Zitterndes Glück
von Franz Schandl
Kurd Adler schildert nicht vornehmlich die Welt der Schützengräben, sondern erzählt von einem Fühlen, einem tiefen poetischen Empfinden wider diese Welt. Stets schreibt er dabei nicht nur ums Überleben, sondern wirklich ums Leben. „Zitterndes Glück ahnt sich vorbei“, heißt es im Gedicht Verheißung. Das ist die Botschaft. Er, dem Untergang wohl immer nahe und dann auch von ihm verschlungen, er wollte nicht untergehen. Aber er lag an der Front und er kam schließlich dort auch um. Genaueres weiß man nicht. Selbst die Suchmaschinen sind ratlos, entsprechende Forschungen über Leben und Werk stehen nicht zur Verfügung und somit noch aus.
Lust und Schrecken
Leben, das ist auch etwas, das als Vorahnung und Vorstellung, als Vorspiel und Vorlauf schon da ist, wenn auch bloß im Ansatz und nicht als Fülle. Der Traum, den Adler träumte, war kein Albtraum. „Lebe gestorben“, schrieb etwa der im September 1915 gefallene August Stramm an Nell und Herwarth Walden. „Lebe lebendig“, hätte Adler wohl antworten müssen. Beides ehrt beide.

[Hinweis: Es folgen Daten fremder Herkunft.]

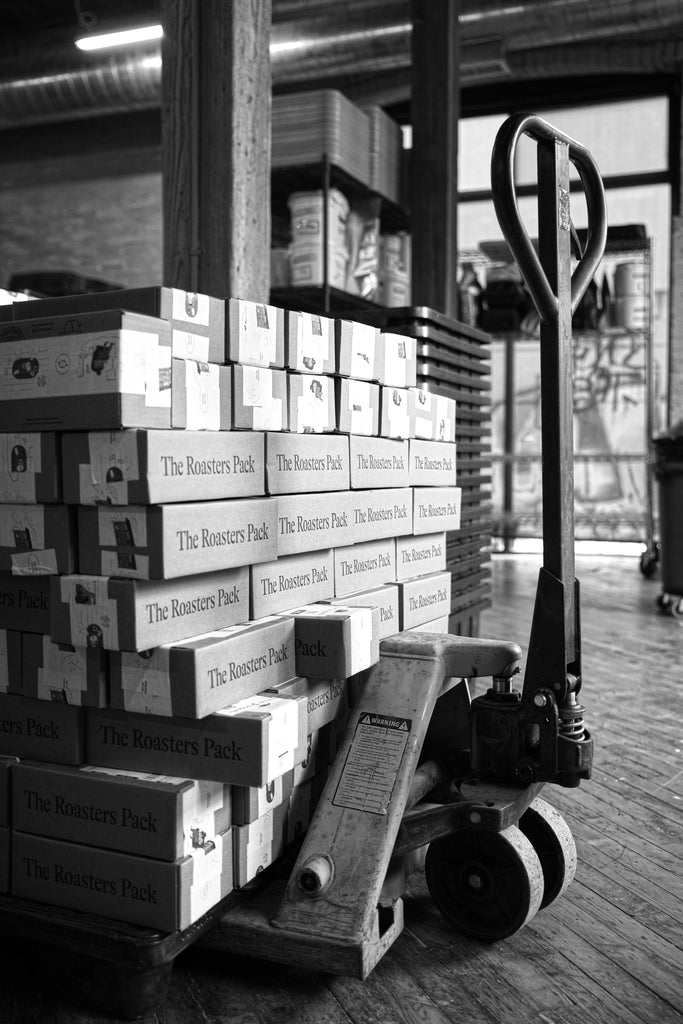 Issue #10 Brew Guides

Adler gab sich dem Schrecken nicht hin, sondern wollte aus dem Schrecken raus, rein in die Welt der gefüllten Badewannen und geöffneten Ventile. Seine Lust rührte nicht aus dem Schrecken, sie war wider ihn, nicht aus ihm. Da war nicht die Spur einer Todessucht, sondern vielmehr Lebensfreude. Der Krieg diente als Kontrast zu dem, was Leben hätte sein können. Und der Poet hatte diverse Imaginationen davon. Doch er, der sich soeben aktivierende Dichter war an der Front, dem denkbar ungeeignetsten Ort praktizierender Sinnlichkeit.

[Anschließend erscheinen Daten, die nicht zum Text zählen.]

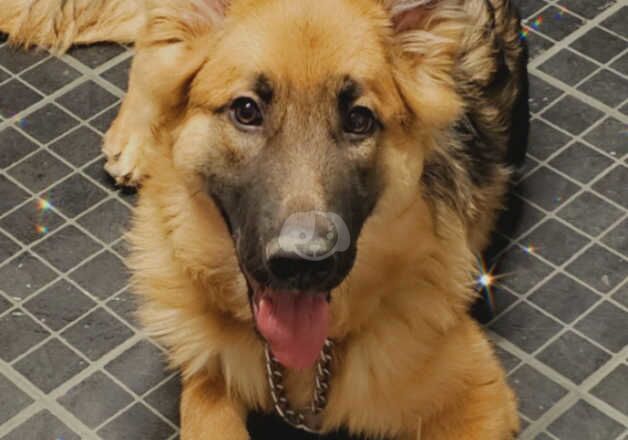 German Shepherd Girl 16 Months Old for sale in Wolverhampton, West Midlands - Image 3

Was er schreibt und wo er schreibt, das sind verschiedene Dinge. Der Krieg ist nur eine Folie im Raum und wann immer er diese abziehen kann, zieht er sie ab. Der Lyriker im Krieg war kein Kriegslyriker. Selbstverständlich war da auch Melancholie, aber seine Grundstimmung oder besser sein Grundwollen war geprägt von einer vitalen Sendung. Dieser hatte er sich hingegeben. Leben wollte er, gut leben, nicht sterben. Was ihn beseelte, das war ein schierer Lebensdrang, und dieser glänzt da in geschliffenen Versen: Nicht amorph, nicht diffus, nicht morbid.
Natürlich könnte man über Interpunktionen und Zeilenumbrüche und einige unnötige Klammern diskutieren, indes war wohl wenig Zeit zu redigieren und Rücksprache zu halten. Es mag also kleine Schwächen geben, aber es gibt keine Spur einer Peinlichkeit. Dunkel ist dieser Dichter nicht, vielmehr hell in allen Schlüssen, „hochzeitshell“ wie es bei ihm selbst heißt. Adler affirmiert nicht einfach das Leben, er bejaht des Lebens Möglichkeiten. Da möchte er zugreifen und zugegen sein. Nicht Angst prägte, sondern Lust.
Der Reim, obwohl in manchen Fällen noch existent, gestaltet nicht mehr die Gedichte. Er kann überlesen oder überhört werden. Er ist nämlich aus seiner Starre befreit, nur zufällig scheint er noch da zu sein, und verflüchtigt sich in den meisten Strophen ohnehin. Seine Gedichte sind nicht narrativ, aber sie sind auch nicht minimalistisch wie jene von August Stramm. Anders als bei Stramm, wo ein unermüdlicher Rhythmus die Zeilen diktiert, ist es bei Adler die Melodie, reich an Adjektiven, die nur selten ins Ornamentale kippen. Wird bei Stramm alles Überflüssige ausgesondert, so wird bei Adler das Flüssige noch flüssiger, Wortschätze werden oft geradezu hymnisch gehoben. Dieser Autor scheint (ähnlich Büchner) früh gereift zu sein, zumindest legt die innere Geschlossenheit seiner Poesie das nahe.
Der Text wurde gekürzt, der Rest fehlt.